[Data section — start]
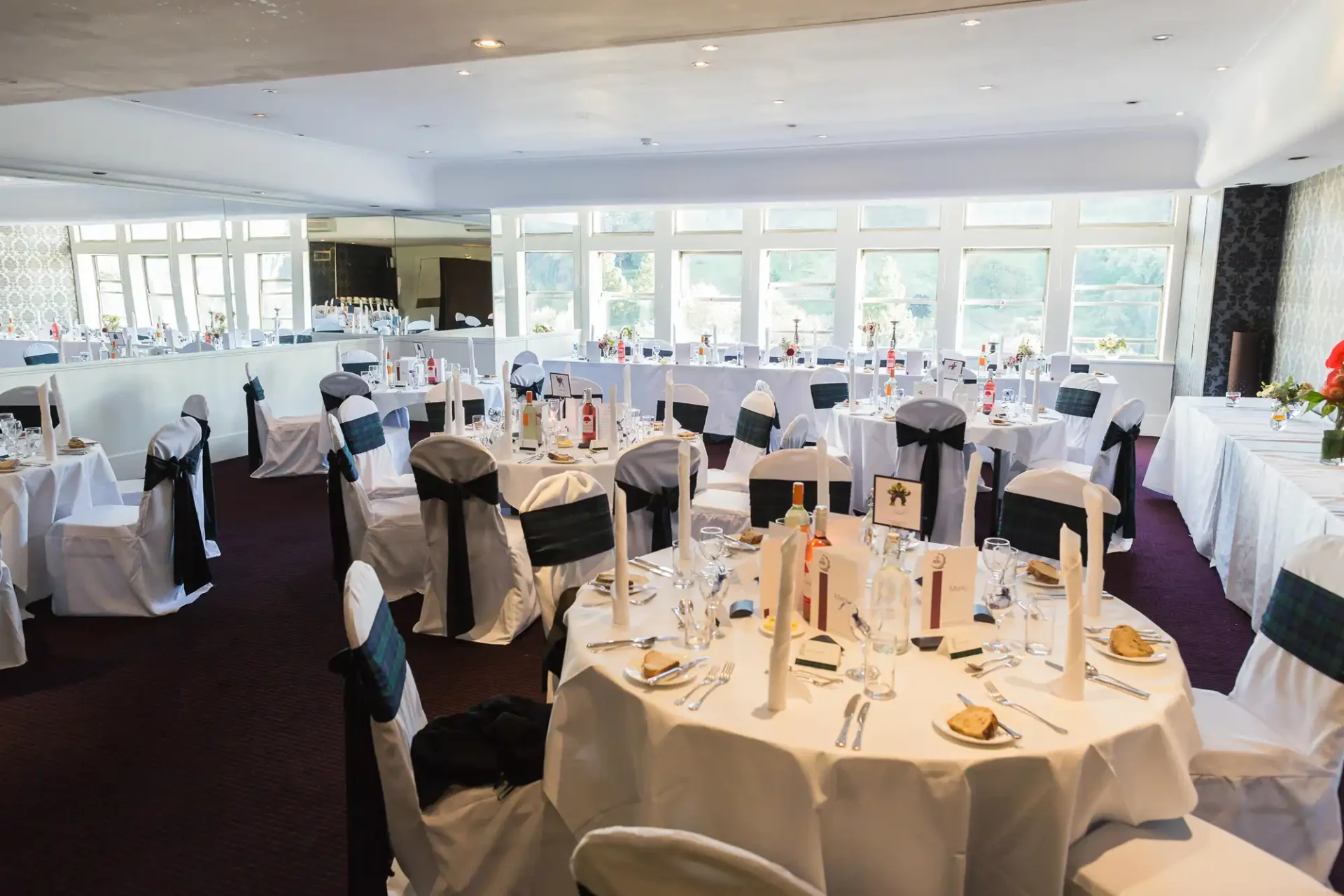 Elegant dining room set for an event with white-covered tables, black chairs with white sashes, and large windows overlooking greenery.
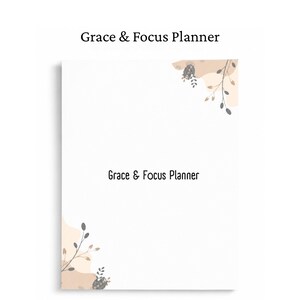 May include: A white planner cover titled Grace & Focus Planner in black text. The design features abstract beige shapes in the top right and bottom left corners, accented with delicate dark gray botanical illustrations of leaves and stems.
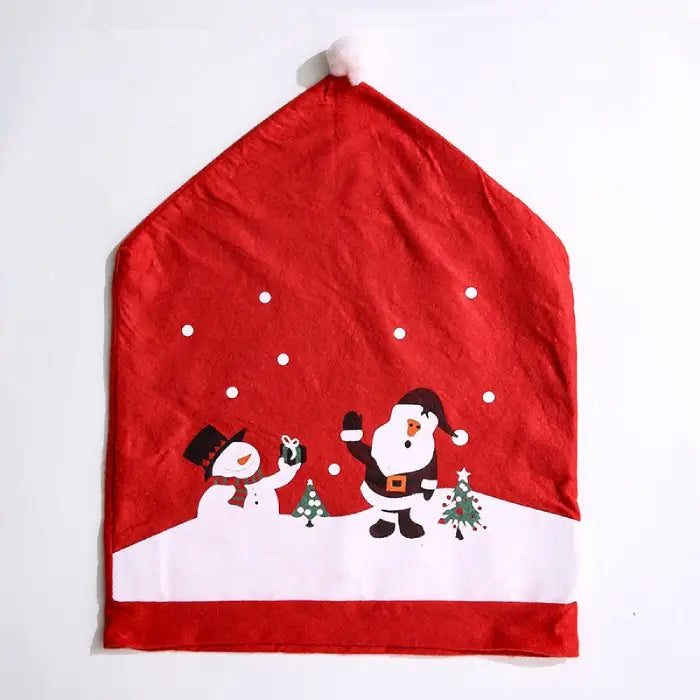 Santa hat shaped chair cover with snowman and Santa print in red and white on a flat surface.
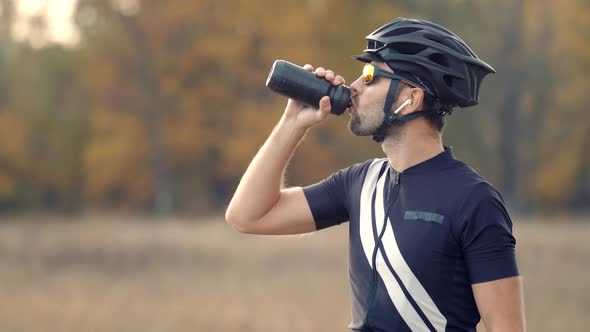 Cyclist In Helmet Relaxing After Workout Drinking Water. Fit Athlete Man Drinking Isotonic.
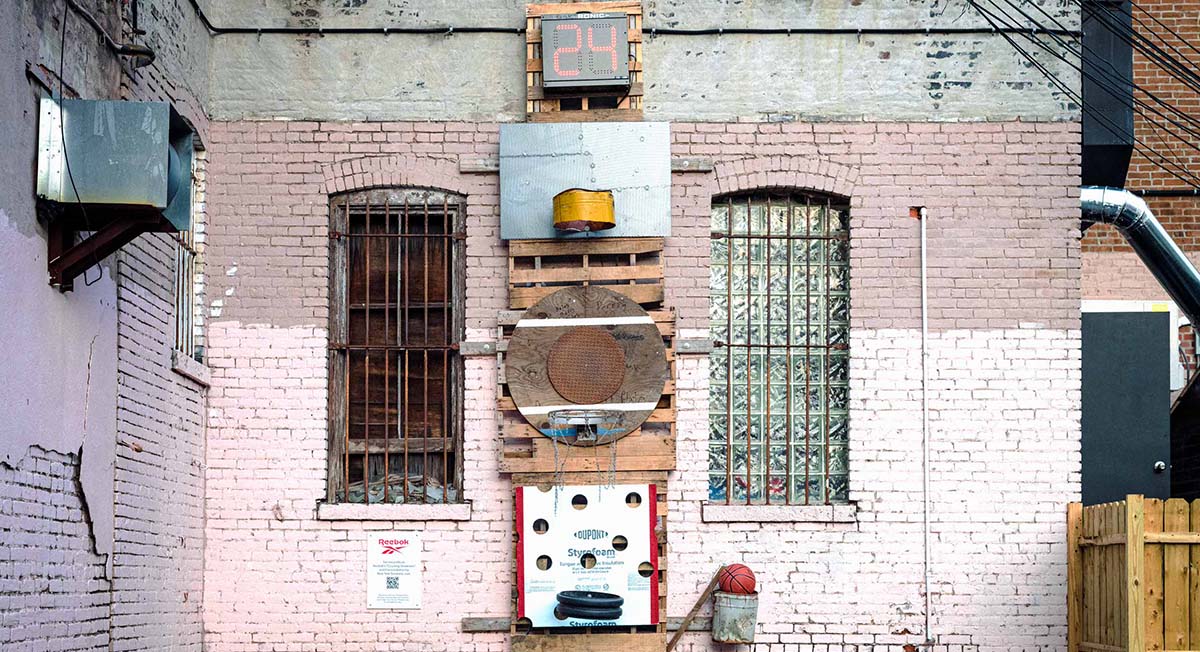 Urban brick wall with eclectic objects and basketball hoop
[Data section — finish]
_What you are asked to do_:
Please copy exactly the lines from the one containing "Cyclist In Helmet" through the last line of the records, both ends included, and leave out any pictures.

_Solution to this task_:
 Cyclist In Helmet Relaxing After Workout Drinking Water. Fit Athlete Man Drinking Isotonic.
 Urban brick wall with eclectic objects and basketball hoop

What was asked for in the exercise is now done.